The Tech Behind Eon: Scene Player
This post describes the Amiga player for packed 3D scenes in our A500 demo Eon.
Overview
We have an offline packer for 3D scenes. Just like the packer, the player required many iterations to perform well enough to allow us to create the visuals we were after.
Buffer usage
We have two versions of the scene-player; a 50fps 1-bitplane version and a 25fps 3-bitplane version. This text describes the 3-bitplane version.
We use four buffers for rendering:
- Clear
- Decode scene data + render lines
- Blitter-fill
- Display
The clear and blitter-fill are performed by a pair of interrupt-driven blits. Line drawing is done using the CPU. The buffers are rotated every 2nd frame.

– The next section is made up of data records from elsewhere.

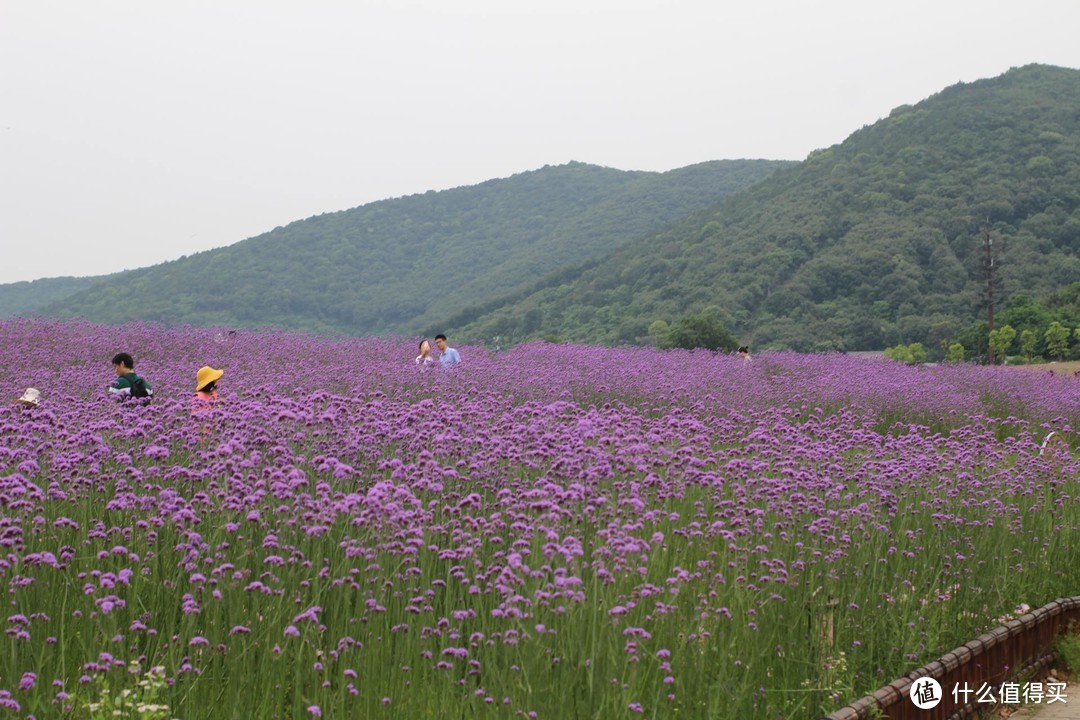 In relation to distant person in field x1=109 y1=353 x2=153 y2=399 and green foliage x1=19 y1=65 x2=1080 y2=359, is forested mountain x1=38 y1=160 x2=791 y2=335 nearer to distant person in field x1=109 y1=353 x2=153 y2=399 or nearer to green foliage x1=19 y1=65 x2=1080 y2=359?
green foliage x1=19 y1=65 x2=1080 y2=359

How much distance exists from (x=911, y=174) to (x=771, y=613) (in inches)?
2701

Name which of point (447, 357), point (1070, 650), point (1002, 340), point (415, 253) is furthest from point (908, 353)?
point (415, 253)

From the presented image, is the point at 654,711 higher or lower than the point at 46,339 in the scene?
lower

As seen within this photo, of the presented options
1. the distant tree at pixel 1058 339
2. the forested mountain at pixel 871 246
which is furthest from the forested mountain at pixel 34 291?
the distant tree at pixel 1058 339

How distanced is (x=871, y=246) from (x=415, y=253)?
73.6 m

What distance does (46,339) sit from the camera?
16.8 metres

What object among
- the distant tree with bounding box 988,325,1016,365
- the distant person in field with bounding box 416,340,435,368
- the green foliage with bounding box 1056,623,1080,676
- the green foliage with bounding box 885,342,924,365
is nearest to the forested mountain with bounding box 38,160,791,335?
the green foliage with bounding box 885,342,924,365

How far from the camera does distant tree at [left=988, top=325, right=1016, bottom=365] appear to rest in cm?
4212

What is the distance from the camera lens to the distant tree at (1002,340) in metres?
42.1

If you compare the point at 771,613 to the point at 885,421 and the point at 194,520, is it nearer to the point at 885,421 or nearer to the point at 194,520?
the point at 194,520

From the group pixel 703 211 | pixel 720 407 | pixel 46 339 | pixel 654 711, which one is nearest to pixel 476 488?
pixel 654 711

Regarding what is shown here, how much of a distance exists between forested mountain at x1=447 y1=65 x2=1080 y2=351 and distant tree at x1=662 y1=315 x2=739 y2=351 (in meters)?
6.82

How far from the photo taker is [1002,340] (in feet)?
139

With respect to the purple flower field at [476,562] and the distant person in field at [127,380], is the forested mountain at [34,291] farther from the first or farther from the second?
the purple flower field at [476,562]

The clearing and blitter fill are straightforward; the interesting bits happen during scene data decoding and line rendering.
Scene data format
Each frame consists of a number of line strips. A line strip is N+1 points that form a sequence of N lines. Here is one such line strip:
Num points in line strip: 18
Full point: 0,179
Full point: 0,90 - mask 0x1
Delta point: 27,83 (delta 27,-7) - mask 0x1
Delta point: 35,88 (delta 8,5) - mask 0x1
Full point: 77,85 - mask 0x4
Delta point: 94,76 (delta 17,-9) - mask 0x2
Delta point: 93,82 (delta -1,6) - mask 0x2
Delta point: 85,83 (delta -8,1) - mask 0x2
Delta point: 97,101 (delta 12,18) - mask 0x5
Delta point: 93,113 (delta -4,12) - mask 0x2
Delta point: 102,121 (delta 9,8) - mask 0x2
Delta point: 101,130 (delta -1,9) - mask 0x2
Delta point: 83,127 (delta -18,-3) - mask 0x2
Delta point: 52,133 (delta -31,6) - mask 0x2
Delta point: 51,137 (delta -1,4) - mask 0x1
Full point: 5,156 - mask 0x1
Full point: 93,179 - mask 0x1
Full point: 0,179 - mask 0x1
In order to reduce the data formats, consecutive points that are close to each other are encoded using 6-bit X/Y deltas. Points that are further apart are stored as full 16-bit positions. The mask value is the XOR of the colour on the left versus the right side of the line.
Decoding scene data
The scene data decoding needs to strike a balance between small on-disk footprint and high decoding performance. In order to minimize the on-disk footprint, we store most data as bit-streams rather than byte/word sequences. In order to maximize decoding performance, we separate out data into different streams, so that each stream only contains values of one specific bit-length.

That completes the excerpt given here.